Gujarati
Khattai Alu
Ingredients
1 lb Floury potatoes
1 T Tamarind pulp
1/4 c Water
2 t Brown sugar
1 1/2 T Ghee or oil
1/2 t Black mustard seeds
1/2 t Ground turmeric
1/2 t Cayenne or ground chili pdr
1 t Ground coriander
1 t Ground cumin
1 t Salt
2 Fresh green chilies, seeded And
thinly sliced
2 T Desiccated coconut
Method
Peel and dice potatoes. Soak tamarind in hot
water for 5 minutes and then squeeze it firmly to
extract all the juice and strain the liquid through
a seive. Dissolve the sugar in the
liquid. Heat the ghee or oil and fry the
mustard seeds until they pop. Add the
turmeric, cayenne or chili, coriander and cumin and
fry for about 1 minute on low. Add the
potatoes and toss for about a minute.
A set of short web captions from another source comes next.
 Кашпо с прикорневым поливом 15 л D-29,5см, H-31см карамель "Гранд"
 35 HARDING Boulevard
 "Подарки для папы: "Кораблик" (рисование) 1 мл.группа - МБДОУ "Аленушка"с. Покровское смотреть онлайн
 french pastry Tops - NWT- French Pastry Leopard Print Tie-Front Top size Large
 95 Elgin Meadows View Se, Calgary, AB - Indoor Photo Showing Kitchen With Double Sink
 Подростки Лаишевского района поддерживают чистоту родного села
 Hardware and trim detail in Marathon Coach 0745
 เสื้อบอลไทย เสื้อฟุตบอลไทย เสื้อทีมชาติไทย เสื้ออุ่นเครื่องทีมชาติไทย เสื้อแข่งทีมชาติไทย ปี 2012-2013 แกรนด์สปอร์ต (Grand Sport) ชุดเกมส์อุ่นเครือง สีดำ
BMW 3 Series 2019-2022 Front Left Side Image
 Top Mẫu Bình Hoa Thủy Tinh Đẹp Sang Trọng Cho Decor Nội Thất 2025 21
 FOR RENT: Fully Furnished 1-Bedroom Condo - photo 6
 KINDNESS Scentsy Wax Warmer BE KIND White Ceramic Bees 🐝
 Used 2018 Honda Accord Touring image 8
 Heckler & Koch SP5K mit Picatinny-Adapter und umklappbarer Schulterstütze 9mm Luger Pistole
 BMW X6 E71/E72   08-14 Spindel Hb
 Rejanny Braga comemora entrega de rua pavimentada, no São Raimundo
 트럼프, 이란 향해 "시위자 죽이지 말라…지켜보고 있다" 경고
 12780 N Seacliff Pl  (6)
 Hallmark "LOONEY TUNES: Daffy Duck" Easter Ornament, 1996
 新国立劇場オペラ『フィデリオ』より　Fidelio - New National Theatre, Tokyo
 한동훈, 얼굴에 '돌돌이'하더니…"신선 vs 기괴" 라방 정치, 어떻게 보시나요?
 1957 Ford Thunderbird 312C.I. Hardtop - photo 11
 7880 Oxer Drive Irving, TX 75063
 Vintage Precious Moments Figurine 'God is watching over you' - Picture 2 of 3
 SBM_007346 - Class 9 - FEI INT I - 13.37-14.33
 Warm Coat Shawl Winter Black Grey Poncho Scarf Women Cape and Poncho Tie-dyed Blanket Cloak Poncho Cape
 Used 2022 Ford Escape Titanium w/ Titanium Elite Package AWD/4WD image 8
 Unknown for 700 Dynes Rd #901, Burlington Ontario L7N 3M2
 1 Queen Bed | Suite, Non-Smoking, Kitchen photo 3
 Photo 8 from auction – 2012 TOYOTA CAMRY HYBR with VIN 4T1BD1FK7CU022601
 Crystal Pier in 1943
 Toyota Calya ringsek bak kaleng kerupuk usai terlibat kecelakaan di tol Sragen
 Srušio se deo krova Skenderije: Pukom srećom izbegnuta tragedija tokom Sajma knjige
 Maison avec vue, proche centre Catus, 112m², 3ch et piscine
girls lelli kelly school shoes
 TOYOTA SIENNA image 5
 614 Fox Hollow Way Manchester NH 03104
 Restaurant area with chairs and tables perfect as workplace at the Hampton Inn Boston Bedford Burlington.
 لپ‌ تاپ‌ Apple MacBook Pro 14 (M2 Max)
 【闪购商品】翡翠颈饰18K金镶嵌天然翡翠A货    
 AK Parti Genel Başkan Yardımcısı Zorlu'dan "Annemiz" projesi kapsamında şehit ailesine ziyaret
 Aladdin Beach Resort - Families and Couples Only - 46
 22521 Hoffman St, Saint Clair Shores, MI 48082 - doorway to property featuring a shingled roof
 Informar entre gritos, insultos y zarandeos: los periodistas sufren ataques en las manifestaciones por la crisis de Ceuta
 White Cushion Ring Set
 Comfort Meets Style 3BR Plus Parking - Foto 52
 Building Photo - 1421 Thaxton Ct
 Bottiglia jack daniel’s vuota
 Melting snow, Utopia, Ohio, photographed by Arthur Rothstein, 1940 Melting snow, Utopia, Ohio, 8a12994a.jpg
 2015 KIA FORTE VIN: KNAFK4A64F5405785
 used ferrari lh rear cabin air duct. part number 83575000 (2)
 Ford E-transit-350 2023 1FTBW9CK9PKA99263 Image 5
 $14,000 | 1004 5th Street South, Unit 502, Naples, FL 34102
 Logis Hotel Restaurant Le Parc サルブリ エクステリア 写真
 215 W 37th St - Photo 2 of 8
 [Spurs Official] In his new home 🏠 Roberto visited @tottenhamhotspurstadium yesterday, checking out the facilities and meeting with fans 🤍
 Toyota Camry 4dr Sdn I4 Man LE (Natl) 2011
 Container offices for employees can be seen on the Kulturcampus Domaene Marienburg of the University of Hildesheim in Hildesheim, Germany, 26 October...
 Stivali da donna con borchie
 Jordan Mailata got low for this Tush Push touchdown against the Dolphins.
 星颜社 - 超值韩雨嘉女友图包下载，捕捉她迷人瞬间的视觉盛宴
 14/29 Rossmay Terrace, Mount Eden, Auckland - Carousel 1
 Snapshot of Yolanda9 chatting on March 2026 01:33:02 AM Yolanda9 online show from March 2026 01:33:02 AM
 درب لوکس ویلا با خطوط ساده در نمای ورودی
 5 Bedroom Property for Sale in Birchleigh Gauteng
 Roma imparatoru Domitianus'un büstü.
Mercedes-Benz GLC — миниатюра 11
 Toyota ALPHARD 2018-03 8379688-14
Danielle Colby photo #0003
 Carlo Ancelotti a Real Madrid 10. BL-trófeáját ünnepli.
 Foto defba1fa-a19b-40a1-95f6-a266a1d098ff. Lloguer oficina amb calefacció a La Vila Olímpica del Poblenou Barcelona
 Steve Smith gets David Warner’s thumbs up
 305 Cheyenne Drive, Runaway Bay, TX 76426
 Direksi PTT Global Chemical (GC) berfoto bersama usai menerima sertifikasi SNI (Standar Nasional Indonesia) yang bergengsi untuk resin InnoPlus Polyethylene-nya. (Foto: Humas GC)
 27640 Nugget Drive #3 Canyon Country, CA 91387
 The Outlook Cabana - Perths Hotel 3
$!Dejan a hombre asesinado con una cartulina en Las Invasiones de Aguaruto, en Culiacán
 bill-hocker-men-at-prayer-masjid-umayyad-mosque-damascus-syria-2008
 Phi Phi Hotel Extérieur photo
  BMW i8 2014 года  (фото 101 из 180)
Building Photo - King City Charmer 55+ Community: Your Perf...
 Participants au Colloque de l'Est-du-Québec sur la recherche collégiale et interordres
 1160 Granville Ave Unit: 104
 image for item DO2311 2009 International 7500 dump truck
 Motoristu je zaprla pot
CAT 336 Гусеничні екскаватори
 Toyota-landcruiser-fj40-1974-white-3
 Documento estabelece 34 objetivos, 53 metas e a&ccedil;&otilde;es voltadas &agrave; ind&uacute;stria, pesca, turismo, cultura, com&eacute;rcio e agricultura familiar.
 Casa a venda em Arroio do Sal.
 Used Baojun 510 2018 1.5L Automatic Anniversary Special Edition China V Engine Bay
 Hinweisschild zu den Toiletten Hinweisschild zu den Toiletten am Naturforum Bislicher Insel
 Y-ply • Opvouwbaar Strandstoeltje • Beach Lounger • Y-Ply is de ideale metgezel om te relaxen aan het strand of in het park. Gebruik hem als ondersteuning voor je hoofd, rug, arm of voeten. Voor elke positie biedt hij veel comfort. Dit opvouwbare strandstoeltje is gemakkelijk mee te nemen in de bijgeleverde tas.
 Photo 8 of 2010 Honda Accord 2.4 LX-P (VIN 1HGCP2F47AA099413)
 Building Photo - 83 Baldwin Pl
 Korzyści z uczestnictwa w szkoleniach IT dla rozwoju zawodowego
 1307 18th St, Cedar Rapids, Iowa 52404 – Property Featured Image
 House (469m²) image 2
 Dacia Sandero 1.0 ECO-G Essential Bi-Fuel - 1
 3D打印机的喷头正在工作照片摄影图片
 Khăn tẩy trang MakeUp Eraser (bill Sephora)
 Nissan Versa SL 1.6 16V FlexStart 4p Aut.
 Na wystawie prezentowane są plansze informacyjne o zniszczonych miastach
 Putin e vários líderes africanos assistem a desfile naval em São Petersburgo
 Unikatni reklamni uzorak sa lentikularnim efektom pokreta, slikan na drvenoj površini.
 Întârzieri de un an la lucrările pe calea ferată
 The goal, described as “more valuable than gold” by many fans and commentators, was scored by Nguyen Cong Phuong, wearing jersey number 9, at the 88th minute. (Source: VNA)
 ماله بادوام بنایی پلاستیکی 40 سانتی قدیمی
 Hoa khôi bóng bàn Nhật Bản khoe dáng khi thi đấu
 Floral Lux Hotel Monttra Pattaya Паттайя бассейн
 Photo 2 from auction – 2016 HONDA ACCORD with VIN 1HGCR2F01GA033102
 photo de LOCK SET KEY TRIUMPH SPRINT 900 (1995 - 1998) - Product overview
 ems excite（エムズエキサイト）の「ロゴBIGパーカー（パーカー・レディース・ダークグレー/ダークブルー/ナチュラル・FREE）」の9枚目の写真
Sprinkle
with salt and little water, (about 1/4 cup) cover
tightly and cook on a very low flame for about 15
minutes. Add the tamarind juice, sliced chilies and
coconut and stir well. Cover and cook for
about 10-15 minutes or until the potatoes are cooked
through. Serve hot with rice or chapatis.